**Caption-style text data**

══════════════════════════════

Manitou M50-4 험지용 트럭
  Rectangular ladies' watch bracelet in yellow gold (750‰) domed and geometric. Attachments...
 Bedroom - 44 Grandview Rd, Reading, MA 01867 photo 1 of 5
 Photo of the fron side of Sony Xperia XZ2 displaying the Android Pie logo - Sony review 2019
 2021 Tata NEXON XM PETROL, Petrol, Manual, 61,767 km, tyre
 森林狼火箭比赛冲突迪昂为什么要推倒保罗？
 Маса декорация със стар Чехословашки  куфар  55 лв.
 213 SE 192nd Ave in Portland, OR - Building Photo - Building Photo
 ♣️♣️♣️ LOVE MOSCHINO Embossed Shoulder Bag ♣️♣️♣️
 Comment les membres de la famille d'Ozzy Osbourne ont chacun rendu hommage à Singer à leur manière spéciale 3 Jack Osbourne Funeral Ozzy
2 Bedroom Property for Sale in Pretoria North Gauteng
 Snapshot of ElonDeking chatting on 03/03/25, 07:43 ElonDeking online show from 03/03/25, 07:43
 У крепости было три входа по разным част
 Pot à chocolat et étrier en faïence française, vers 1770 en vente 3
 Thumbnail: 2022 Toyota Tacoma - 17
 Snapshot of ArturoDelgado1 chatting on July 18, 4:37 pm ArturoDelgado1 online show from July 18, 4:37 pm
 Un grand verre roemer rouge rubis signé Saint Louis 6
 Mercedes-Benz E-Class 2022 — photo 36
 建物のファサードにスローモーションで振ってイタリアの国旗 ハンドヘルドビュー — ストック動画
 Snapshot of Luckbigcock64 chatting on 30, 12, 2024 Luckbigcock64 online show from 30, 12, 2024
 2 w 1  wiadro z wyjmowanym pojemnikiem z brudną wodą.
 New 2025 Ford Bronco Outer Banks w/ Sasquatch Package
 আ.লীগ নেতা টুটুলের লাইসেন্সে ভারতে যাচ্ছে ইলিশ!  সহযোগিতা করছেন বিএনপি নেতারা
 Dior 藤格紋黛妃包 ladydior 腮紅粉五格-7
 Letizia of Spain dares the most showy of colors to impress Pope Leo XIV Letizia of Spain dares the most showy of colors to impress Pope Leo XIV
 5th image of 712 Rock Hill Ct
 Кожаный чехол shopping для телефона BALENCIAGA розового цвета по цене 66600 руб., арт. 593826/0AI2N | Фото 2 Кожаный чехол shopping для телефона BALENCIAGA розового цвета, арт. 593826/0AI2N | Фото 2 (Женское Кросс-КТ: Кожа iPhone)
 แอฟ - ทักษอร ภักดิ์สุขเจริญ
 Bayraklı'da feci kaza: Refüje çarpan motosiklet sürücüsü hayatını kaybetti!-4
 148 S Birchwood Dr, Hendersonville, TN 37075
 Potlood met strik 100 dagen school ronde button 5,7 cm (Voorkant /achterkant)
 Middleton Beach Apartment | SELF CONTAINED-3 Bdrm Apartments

══════════════════════════════

In the records above, count the lines holding the word "Bedroom"; give only that number.

2